If it goes ahead, the new National Minimum Wage (Workplace Internships) Bill will require firms to pay at least the national minimum wage to all adults undertaking internships. School aged children, university and college students carrying out work experience and those on apprenticeships would not be included in the bill’s mandate.
The review follows mounting concern that young adults from families with lower incomes are being routinely excluded from internships because they simply cannot afford to do them unpaid.
Popular industries such as fashion and the media are particularly problematic, say the experts, because competition is so fierce that people are willing to do the job for free, sometimes for months on end. Only those whose parents can afford to keep them during this time, often paying for extra living expenses or rent, can take an internship position on these terms.
Mr Hinds spoke on television about the barriers faced by some young people who need to get work experience in their chosen industries, but cannot afford to pay living expenses while taking part in unpaid internships.
The chief community officer of the Chartered Institute of Personnel and Development (CIPD), Katerina Rudiger, said the organisation would support a ban.
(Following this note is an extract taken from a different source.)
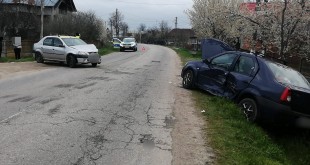 Coliziune între două autoturisme pe raza comunei Hârsești (2)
She explained that as it stands, a large number of people are excluded from the job market because of their parents’ income.
She added that banning any unpaid internships would help to create more job opportunities for people from a larger range of backgrounds, and would ultimately increase social equality in the workplace.
In addition to the National Minimum Wage bill, a Private Member’s Bill introduced by Alec Shelbrooke, a Conservative MP, is calling for the House of Commons to invoke a ban on unpaid work, in order to end what he calls young workers’ exploitation.
Mr Shelbrooke explained that a number of well-known and successful businesses, such as EY, Pimlico Plumbers and KPMG, already pay their interns, so there is no excuse for other companies not to do the same.
He suggested that if the country wants to promote equality instead of catering to the privileged, firms must be made to pay all of their workers, not just some.
Tanya de Grunwald, the founder of Graduate Fog, a careers blog, agreed it was time that the government looked at the issue. She said that young people have been asking for change in the way internships are paid for a long time, and would welcome any call for their opinions to be heard.